Celui-ci n’est autre que Radamès, condamné par les siens à être emmuré vivant pour avoir révélé à sa belle des secrets militaires : doté d’un timbre agréable, le ténor britannique, Adam Smith, prête au héros de guerre égyptien une posture plus intimiste que martiale, proche de celle d’un Franco Corelli, dont il affirme suivre les traces. Il lui faudra encore affermir ses aigus et soigner davantage son style verdien. Reste que tous deux forment à la scène un couple particulièrement séduisant, ce qui permettra à la mise en scène de les mettre au lit en petite tenue dès l’ouverture. Mais nous y reviendrons.

Prosodie terrifiante

Entre les amoureux de l’impossible, Amneris, la fille du pharaon, follement éprise de Radamès et rivale d’Aïda, qu’impose avec autorité la mezzo russe Alisa Kolosova. Une voix puissante et voluptueuse, impériale sur toute la tessiture, n’était le furtif escamotage des aigus dans la scène du jugement. Mais la jeune femme convainc et impressionne par sa présence scénique et son engagement vocal. Ce sera également le cas du baryton géorgien Nikoloz Lagvilava, machine de guerre à la puissance destructrice, dont la prosodie terrifiante pourrait friser la caricature : en quoi l’ivresse de la vengeance empêche-t-elle le roi d’Ethiopie vaincu de prodiguer quelque tendresse à sa fille lorsqu’il la retrouve, avant de l’exhorter il est vrai à user de ses charmes afin de soutirer à son ennemi des renseignements stratégiques ?

Hormis un roi d’Egypte à court de souffle et de son (Emanuele Cordaro en méforme ?), on saluera le solide et franc messager de Nestor Galvan, la grande prêtresse à la jolie voix pure d’Iryna Kyshliaruk, Adolfo Corrado campant un grand prêtre Ramfis de belle tenue.

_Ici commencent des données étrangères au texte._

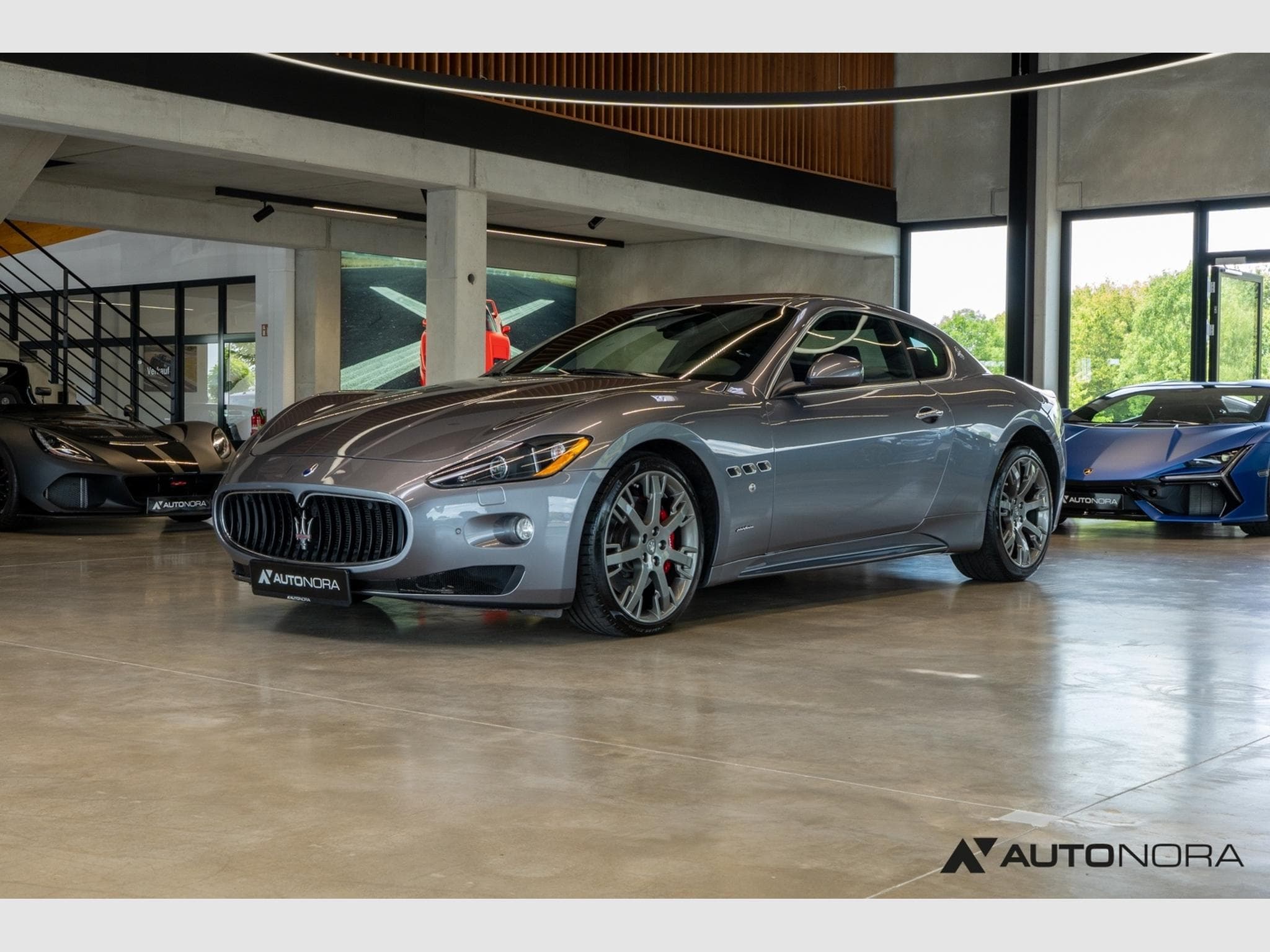 Maserati GranTurismo S Kupplung neu! (2010) - Photo 6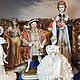 Винтаж: Capodimonte.Bruno Merli.Девушка.Статуэтка.Италия. Статуэтки винтажные. Антик.Декор.Винтаж. Ярмарка Мастеров.  Фото №9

Comme à l’accoutumée, le chœur Accentus se montre à la hauteur d’un enjeu qui place la barre haut. A la tête des forces de l’Orchestre de l’Opéra de Rouen et de l’Orchestre régional de Normandie, Pierre Bleuse dirige avec une attention particulière aux différents plans sonores, entraînant le flux musical dans une vision privilégiant l’architecture à la dramaturgie expressive. Si les cordes manquent parfois de sensualité, les vents sont de toute beauté, notamment dans la fameuse fanfare des trompettes de la victoire, spatialisée en haut de la scène.